Note that Jennifer sings her own backup vocals, so the “voice”, and the two “bk” (for backup – not Burger King) positions are all her. It also sounds like she’s singing in the “choir” on the left – but it’s hard for me to hear exactly where she is.

Whenever I’m listening to a pair of loudspeakers (or a car audio system, or the behaviour of an upmix algorithm) to determine the spatial properties, I use this map (which I normally keep in my head – not on paper…) to determine how things are behaving. The two big questions I’m trying to answer when considering a map like this revolve around the loudspeakers’ ability to deliver the (1) accuracy and (2) the precision I’m looking for. (Although many marketing claims will use these words interchangeably, they do not mean the same thing.)

The question of accuracy is one of whether the instruments are located in the correct places, both in terms of left and right, but also in terms of distance. For example, the tune starts with a hit on the centre tom-tom, followed immediately by the bigger tom-tom on the left of the mix. If I have to point at that second, deeper-pitched tom-tom – which direction am I pointing in? Is it far enough left-of-centre, but not hard over in the left loudspeaker? (This will be determined by how well the loudspeakers’ signals are matched at the listening position, as well as the location of the listening position.) Secondly, how far away does it sound, relative to other sound sources in the mix? (This will be influenced primarily by the mix itself.) Finally,  how far away does it sound from the listening position in the room? (This will be influenced not only by the mix, but by the directivity of the loudspeakers and the strength of sidewall reflections in the listening room. I talked about that in another blog posting once-upon-a-time.)

The question of precision can be thought of as a question of the size of the image. Is it a pin-point in space (both left/right and in distance)? Or is a cloud – a fuzzy location with indistinct edges? Typically, this characteristic is determined by the mix (for example, whether the panning was done using amplitude or delay differences between the two audio channels), but also by the loudspeaker matching across the frequency range and their directivity. For example, one of the experiments that we did here at B&O some years ago showed that a difference as small as 3 degrees in the phase response matching of a pair of loudspeakers could cause a centrally-located phantom image to lose precision and start to become fuzzy.

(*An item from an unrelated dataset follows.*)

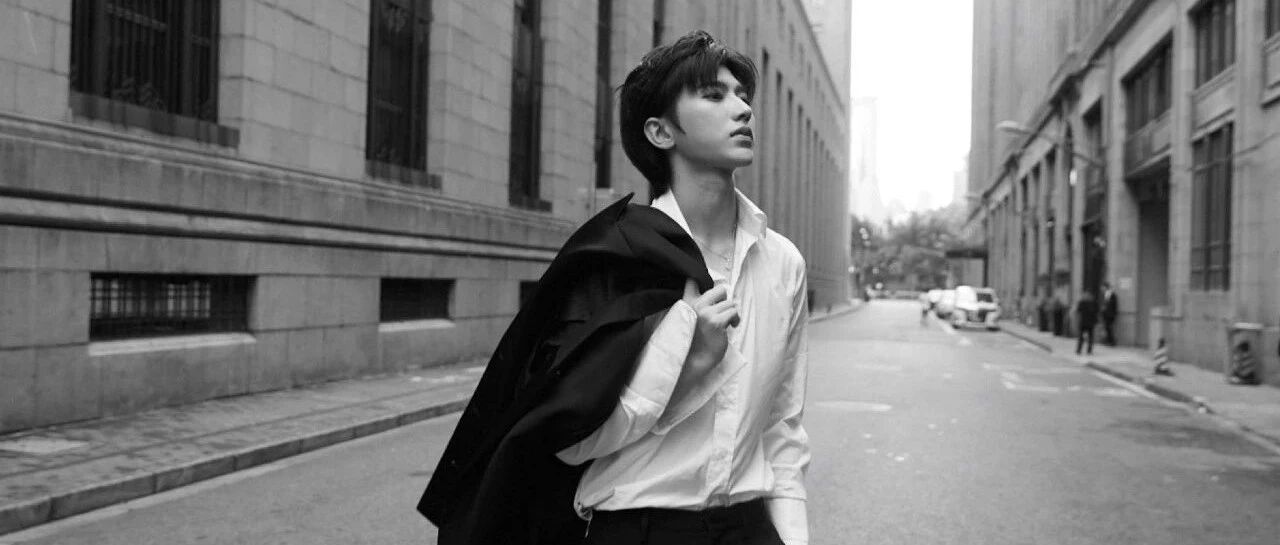 蔡徐坤，不一样的顶流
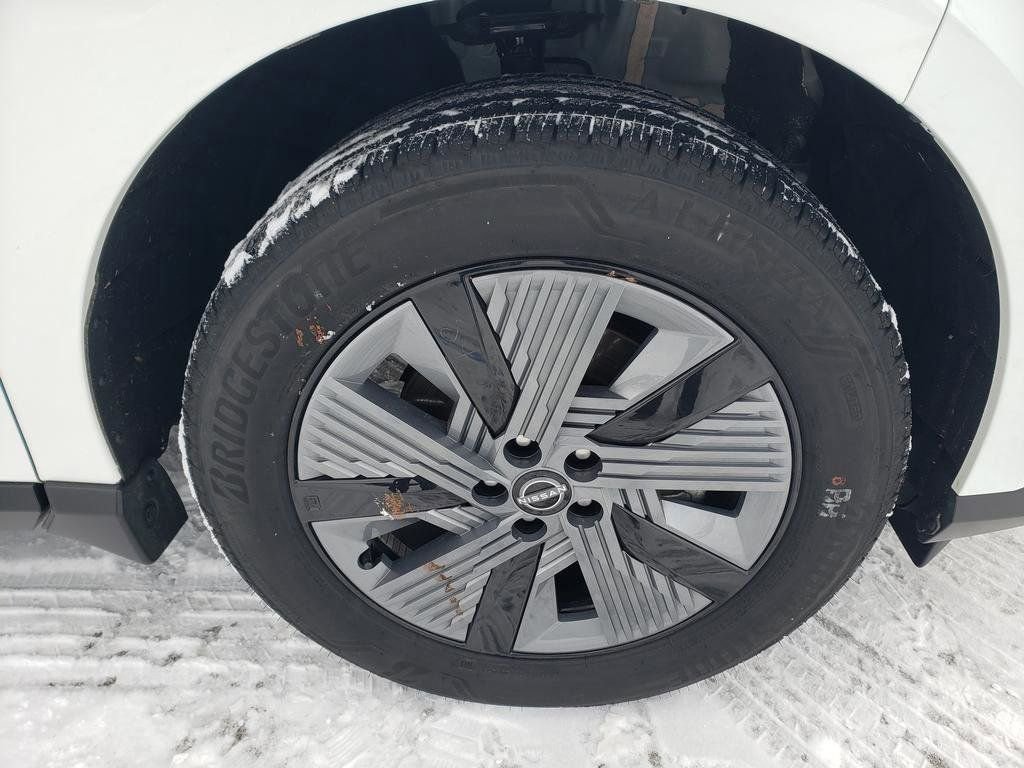 Certified 2025 Nissan Murano SV AWD/4WD image 46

Some things I’ve left out of this map:

  • The locations of the individual voices in the “choir”
  • Extra cowbells at around 2:20
  • L/R panned cabasa (or shaker?) at about 2:59
  • Reveberation

Some additional notes:

  • The triangles on the right side happen around 2:12 in the tune. The ones on the left come in much earlier in the track.
  • The “synth-y fx around 2:20” might be a guitar with a weird modulation on it. I don’t want to get into an argument about exactly what instrument this is.
  • I’ve only identified the location of the bass in the choir. There are other singers, of course…

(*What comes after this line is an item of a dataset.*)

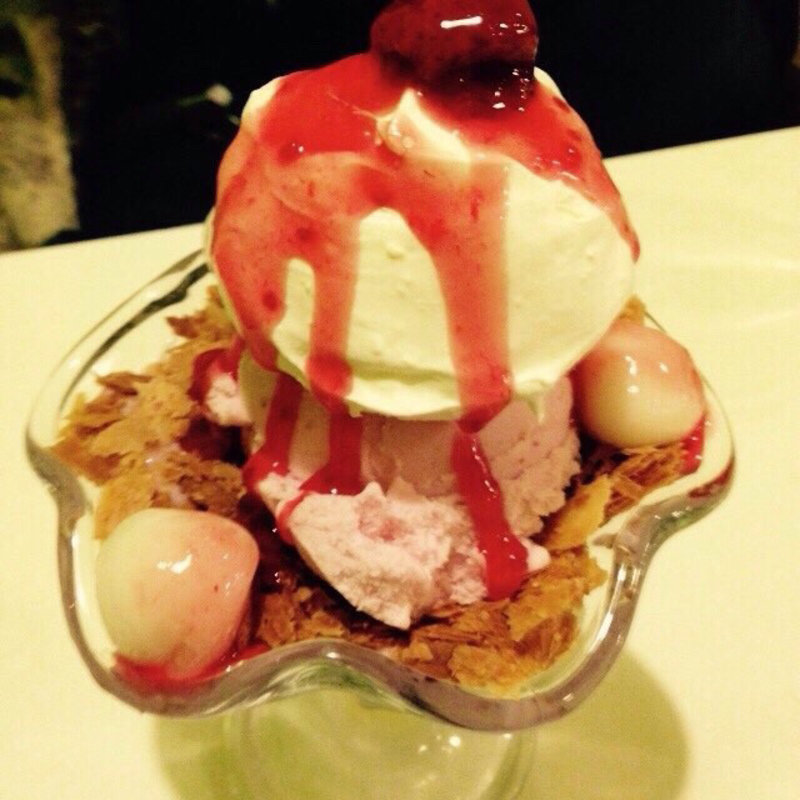 イチゴパフェ(ロマンティコ・ロマンティカ)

You might note that I used the term “two-dimensional space” in the beginning of this posting. In my head, the two dimensions are (1) angle to the source and (2) distance to the source. I don’t think in X-Y cartesian terms, but Polar terms.

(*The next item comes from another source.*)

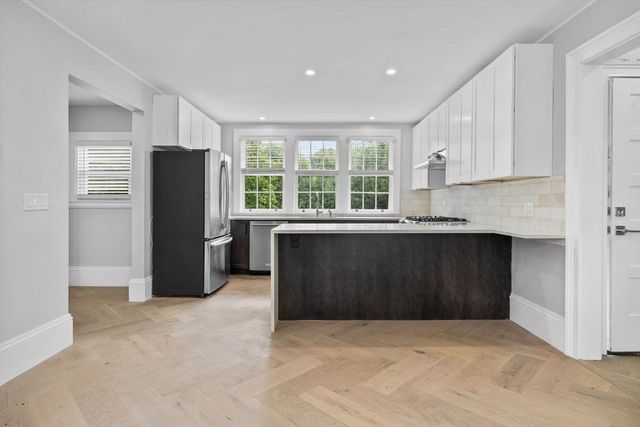 476 Heath Street, Brookline, MA 02467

An important thing to mention before I wrap up is that this aspect of a loudspeaker’s performance (accuracy and precision of phantom imaging) is only one quality of many. Of course, if you’re not sitting in the sweet spot, none of this can be heard, so it doesn’t matter. Also, if your loudspeakers are not positioned “correctly”  (±30 degrees of centre and equidistant from the listening position) then none of this can be heard, so it doesn’t matter. And so on and so on. The point I’m trying to make here is that phantom image representation is only one of the many things to listen for, not only in a recording but also when evaluating loudspeakers.

 

First Impressions

I’m sitting and listening to Mary Chapin Carpenter’s new album “Songs From the Movie” for the first time on Spotify on a pair of headphones.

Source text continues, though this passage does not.